Comparison of mouse microbiome and metabolome data based on NJC19. (a,b) In the left panels, the abundances of the propionate (a) and acetate (b) producers in NJC19 were obtained from cecal 16S rRNA gene sequence data35 in ref. 37 Cecal metabolite concentrations in the right panels were obtained from Fig. 3c of the same study. Mouse group I consists of mice six weeks after 10-day cefoperazone treatment on mouse group II, cefoperazone-naive mice. (c) In the left panel, the abundances of the butyrate producers in NJC19 were obtained from fecal 16S rRNA gene sequence data35 in ref. 4 Cecal butyrate concentrations in the right panel were obtained from Fig. 2c of the same study. Although we used the fecal 16S rRNA gene sequence data for the left panel due to the limited data availability, fecal and cecal microbial compositions were found to strongly correlate in other samples from that study, allowing us to use the fecal sequence data as a proxy for the cecal ones. All mice were initially germ-free in the study. Mouse groups I to V comprise mice transplanted with an obese twin’s microbiota (Ob; group I), mice co-housed with Ob and Ln mice (group II; see next for the definition of Ln mice), mice transplanted with the lean co-twin’s microbiota (Ln; group III), Ob mice co-housed with Ln and germ-free mice (group IV), and Ln mice co-housed with Ob and germ-free mice (group V). (df) In the left panels, the abundances of the succinate (d,e) and isovalerate (f) producers in NJC19 were obtained from cecal 16S rRNA gene copy levels in Fig. 2a of ref. 38 We re-scaled succinate producers in (d) to the total 16S rRNA gene copy levels, because the corresponding succinate concentrations (d) were available per cecal dry weight (i.e., per cecal microbial load). Cecal and portal vein metabolite concentrations in the right panels were obtained from Fig. 2b and Supplementary Table 4 of the same study, respectively. Mouse groups ‘HF/HS’, ‘ZF/HS’, and ‘Chow’ represent gnotobiotic mice on a high-fat/high-sucrose diet, a zero-fat/high-sucrose diet, and a chow diet, respectively. In (ad), each error bar represents standard deviation across replicates. Error bars are missing for (e,f), as well as for the left panel in (d), and units are missing for the right panels in (e,f), because of the information unavailability from the data sources.

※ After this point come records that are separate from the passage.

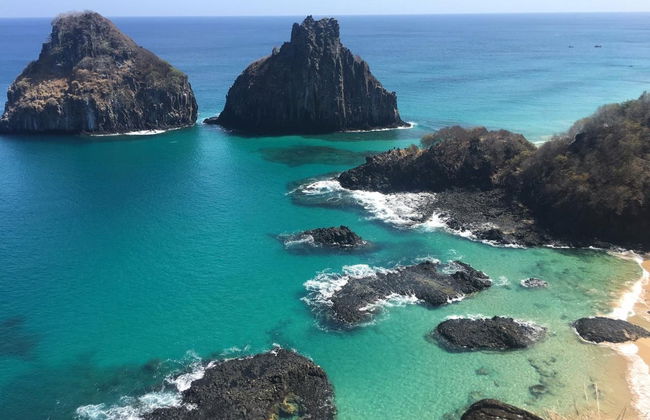 Trilha pelos mirantes de Fernando de Noronha - Foto 7
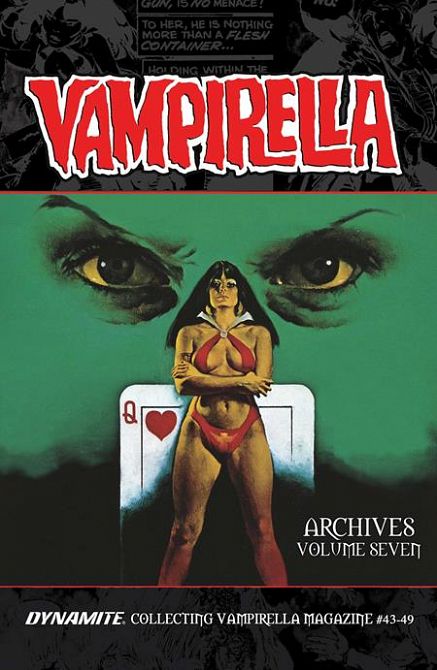 VAMPIRELLA ARCHIVES TP VOL 07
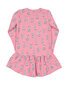 Kissed By Radicool Bunnies Frill Dress (Pre-Order Due Late Feb)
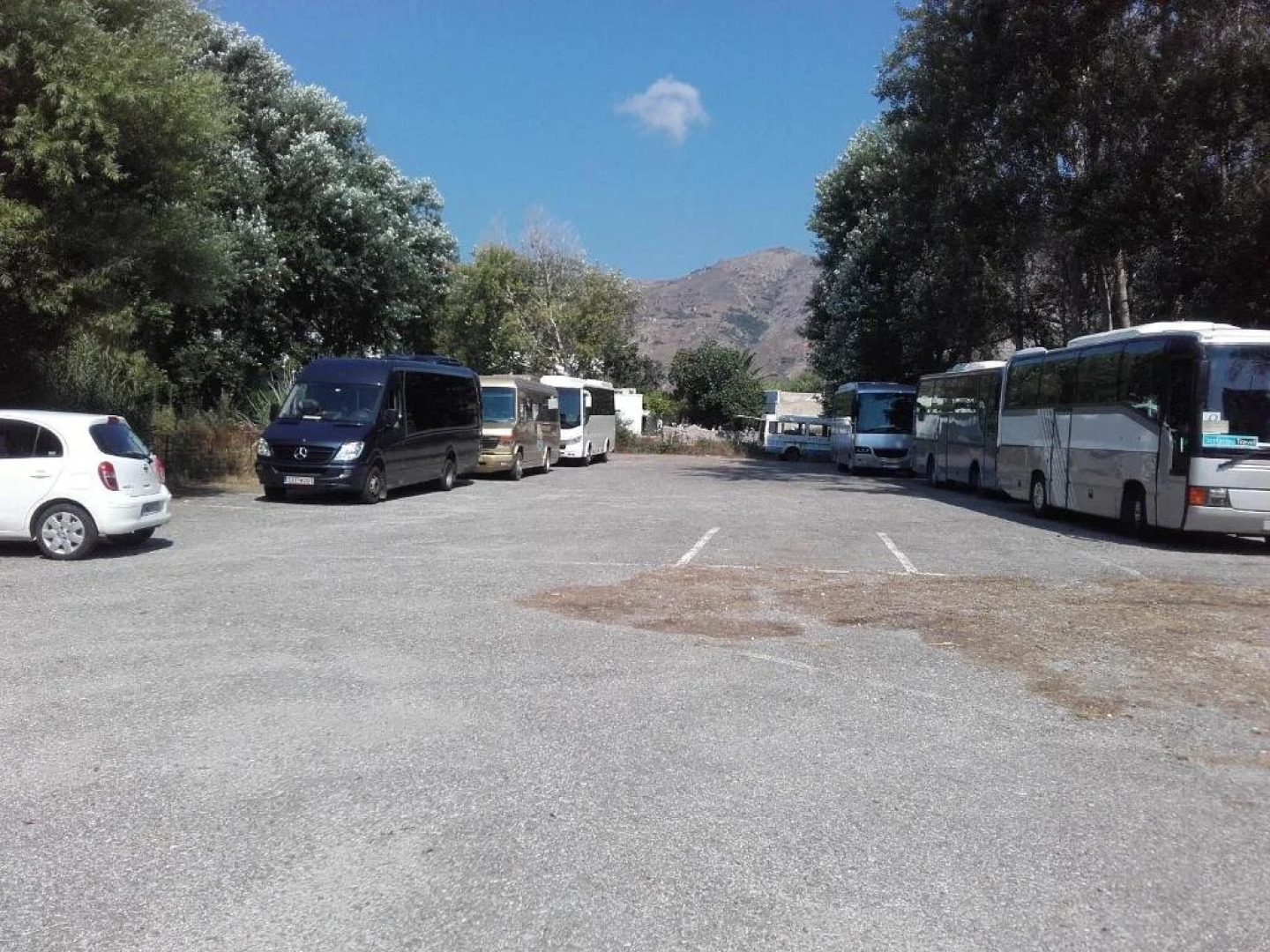 Отель Serifos Beach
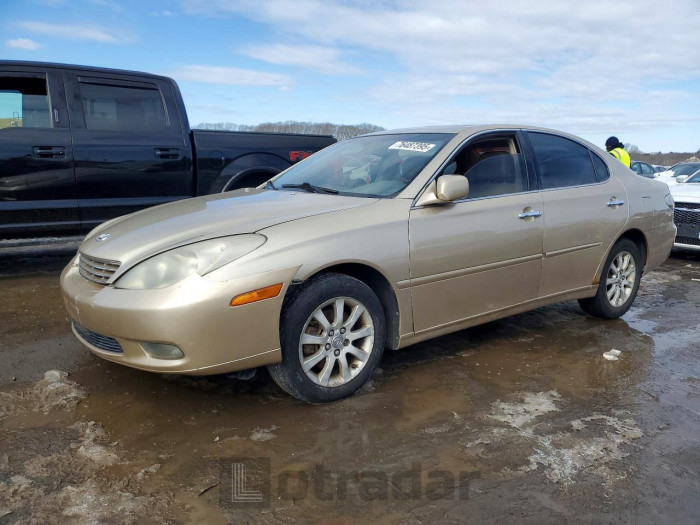 Lexus ES 2003 VIN JTHBF30G830097053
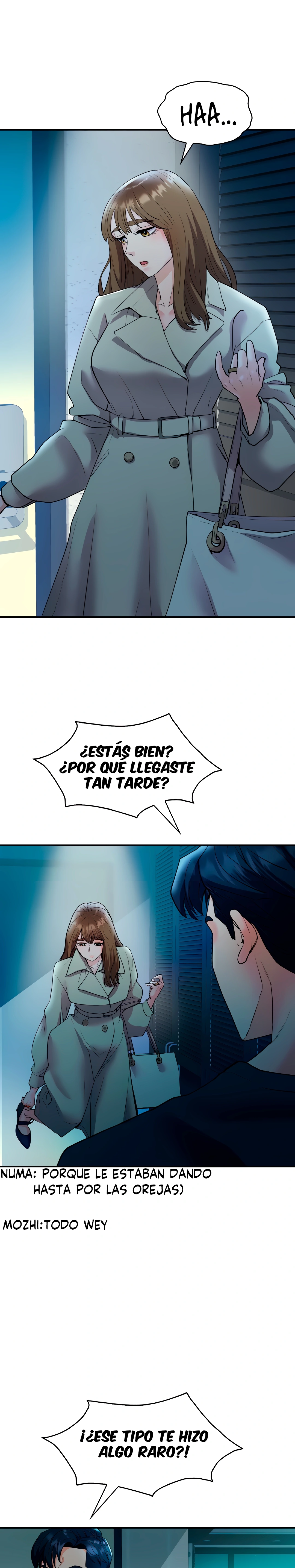 Recuperando a mi Esposa – español Capítulo 24 - Page 28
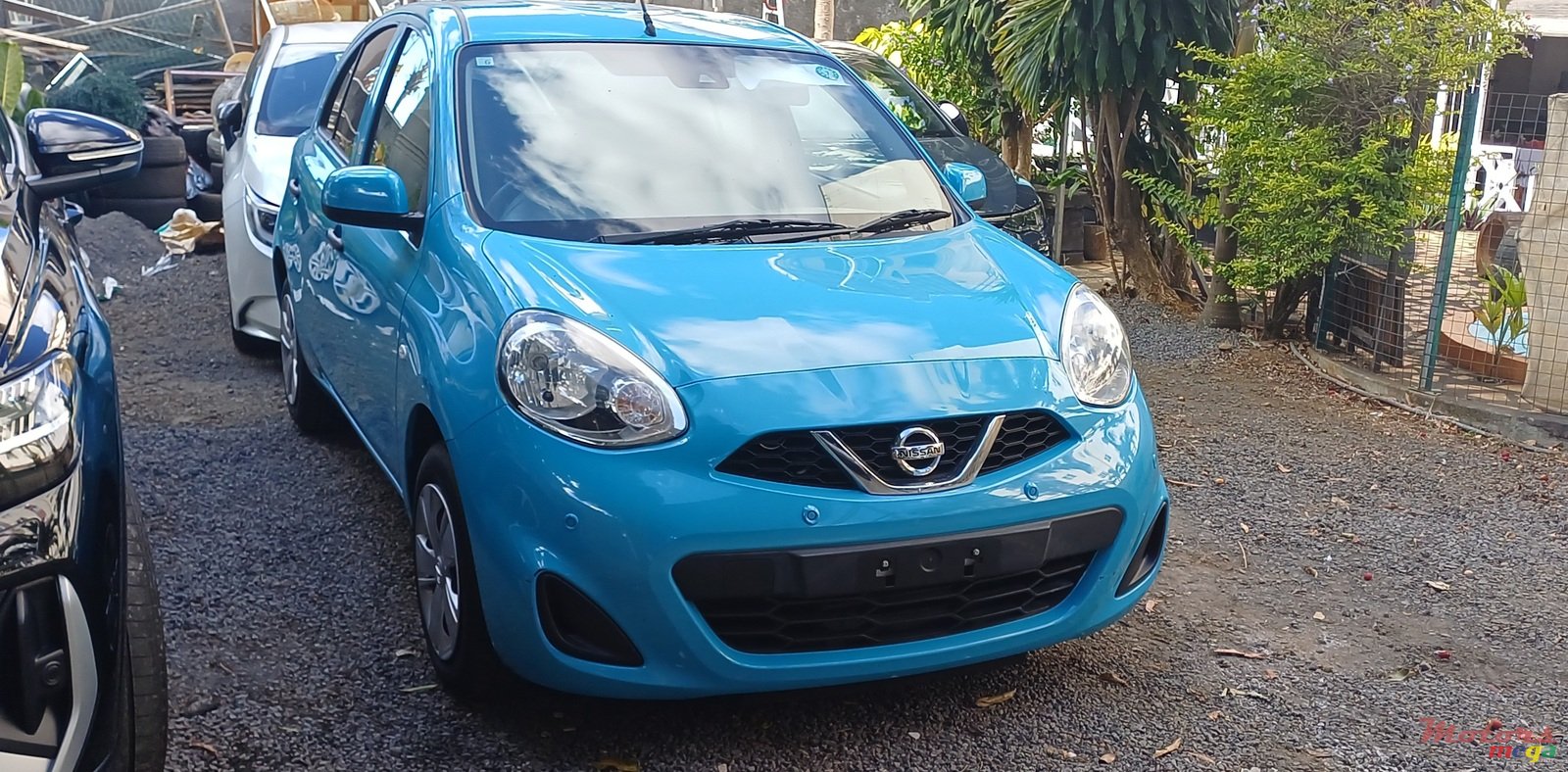 2022' Nissan March photo #1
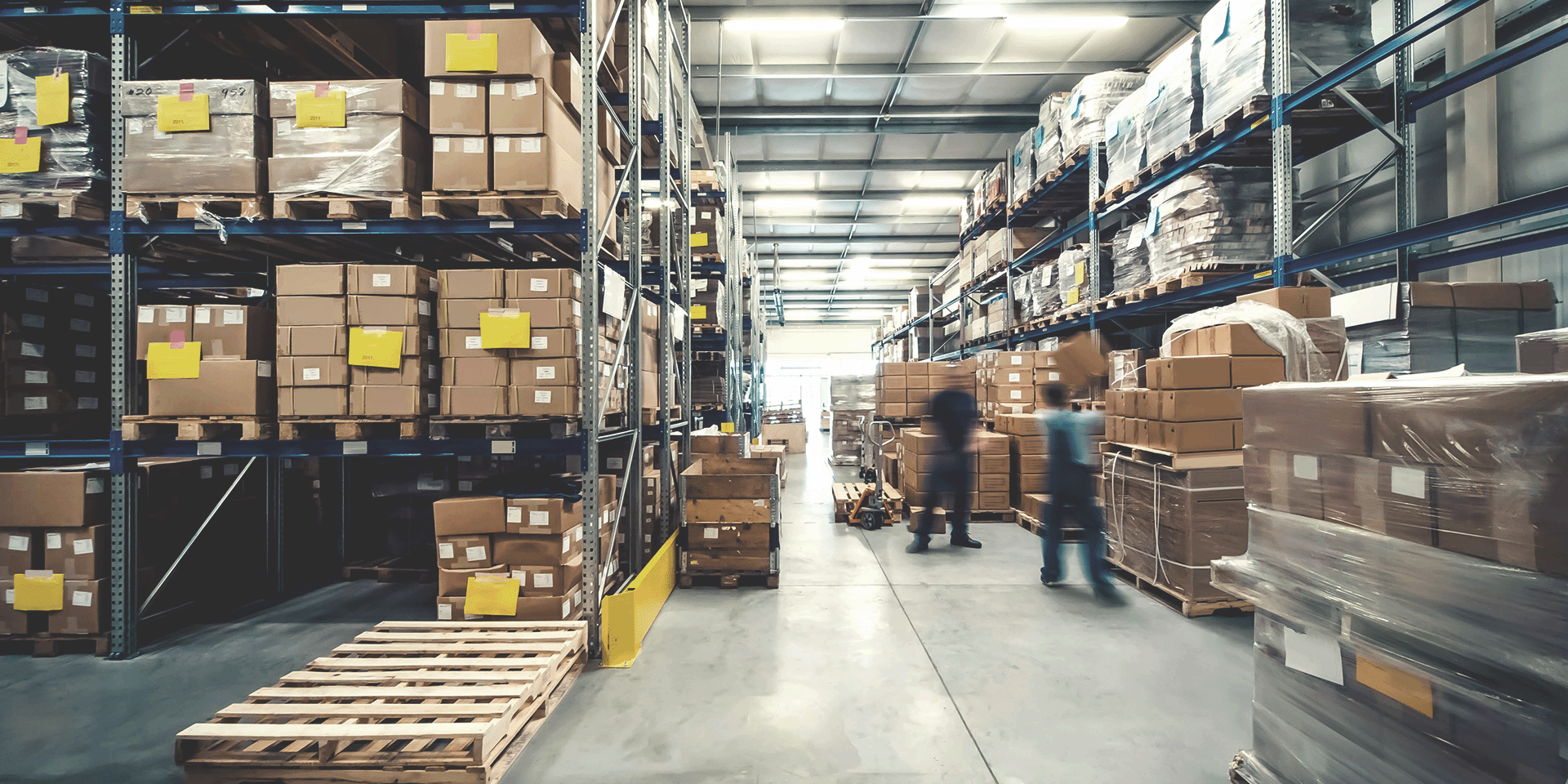 warehouse logistic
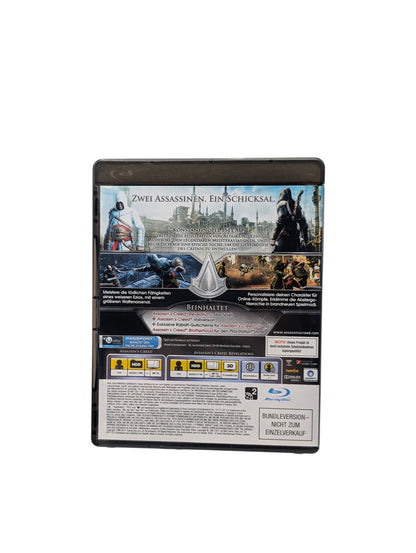 Assassin’s Creed: Revelations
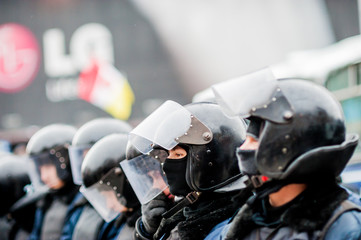police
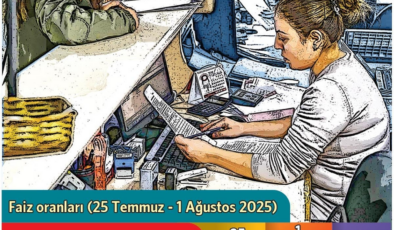 Faiz düştü, ticari yerinden oynamadı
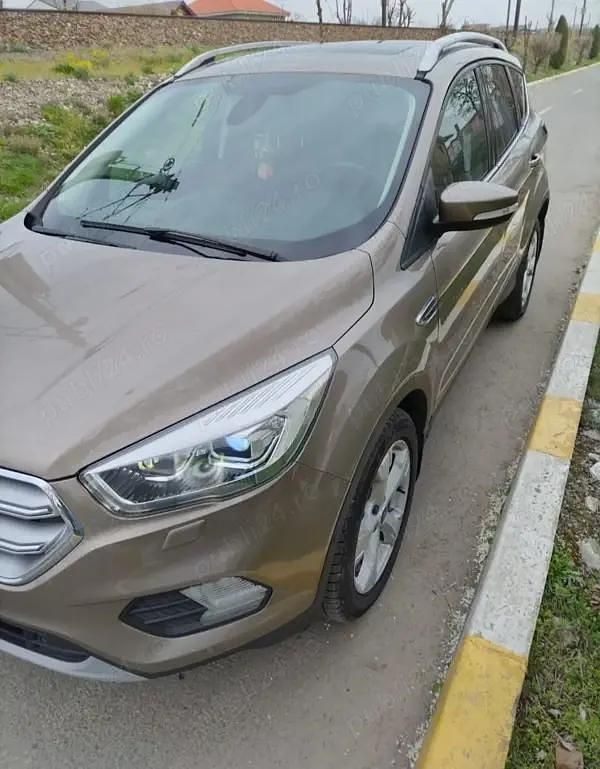Second-hand Ford Kuga 180 CP (132 kW) 2019 SUV
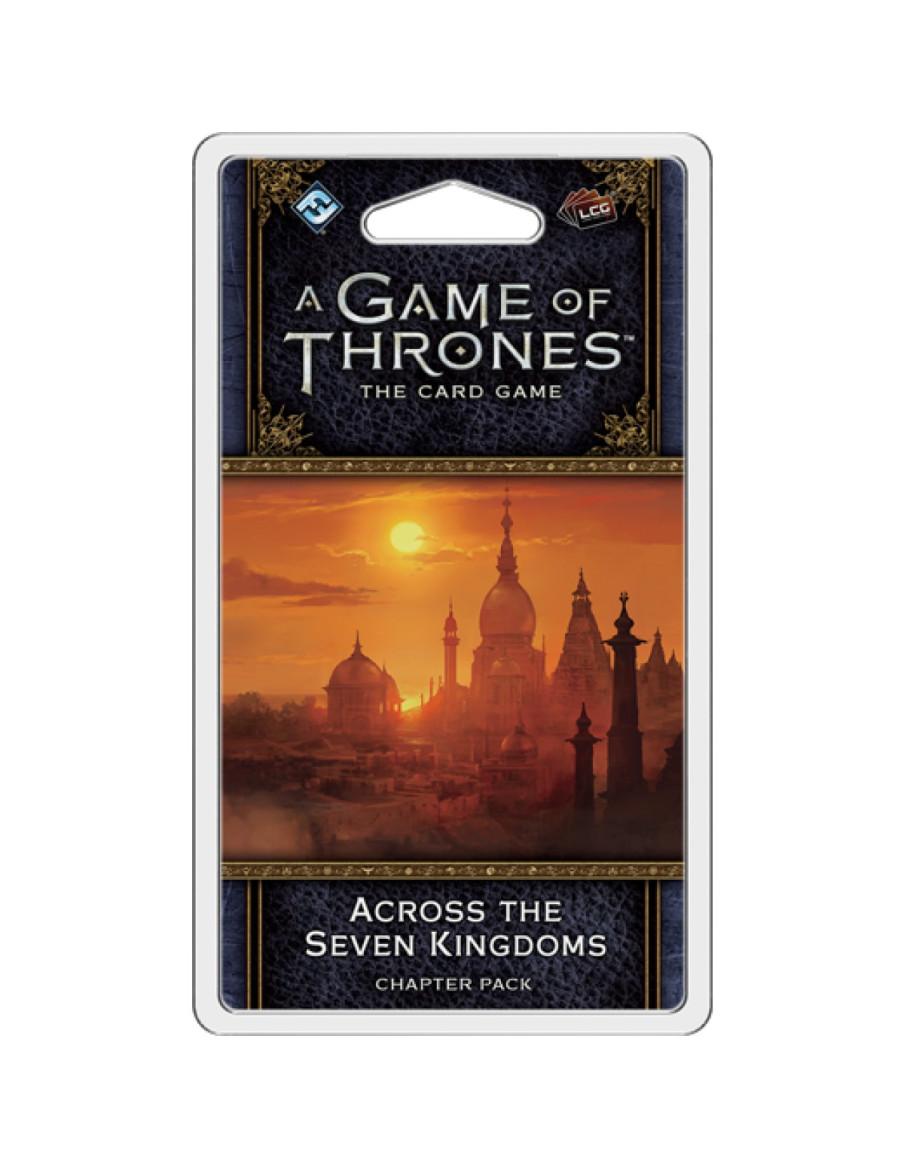 Agot 2.0 Ed Lcg: 2.1 Across the Seven Kingdoms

Figure 3 indeed demonstrates that alternations in the producer and metabolite levels tend to agree with each other, with the overall 71.4% matches of their increasing or decreasing tendencies across the mouse groups. For example, the propionate producers in NJC19 decreased by 90.0% in the cecum after cefoperazone treatment and recovery, consistent with an 88.5% decrease in the cecal propionate concentration (Fig. 3a). Likewise, the acetate producers in NJC19 decreased by 64.5% at the same time, consistent with a 59.3% decrease in the cecal acetate concentration (Fig. 3b). In these examples, the total microbial loads remained similar during the experiments37, and thus the metabolite concentration changes here are not likely to be a mere consequence of the microbial load changes. To test the statistical significance of these correlations, we introduce quantities fij, gij, and fij’ for each pair of mouse groups i and j: fij (gij) denotes a fold change from group i to group j in the measured producer (metabolite) abundance averaged over the replicates in the group i or j. fij’ denotes a group-i-to-j fold change in the average abundance of randomly-assigned producers, while the number of those randomly-assigned producers from all the data sources in Fig. 3 is maintained as the same as the number of the total observed producers. To assess the significance of the observed producer and metabolite correlations against a scenario that the producer information in NJC19 may not be more correct than expected by chance, we computed the P value as the probability of satisfying fij’ ≥ fij (fij’ ≤ fij) for all (i, j)-pairs that have fij and gij with both ≥ 1 (≤1). Accordingly, our P value calculation reveals that the producers in NJC19 and the detected metabolic compounds are significantly correlated in Fig. 3, thereby supporting the validity of the microbe-compound associations in NJC19 (P = 0.02 for Fig. 3a,c–e, P < 10–4 for Fig. 3f, and P = 0.06 for Fig. 3b).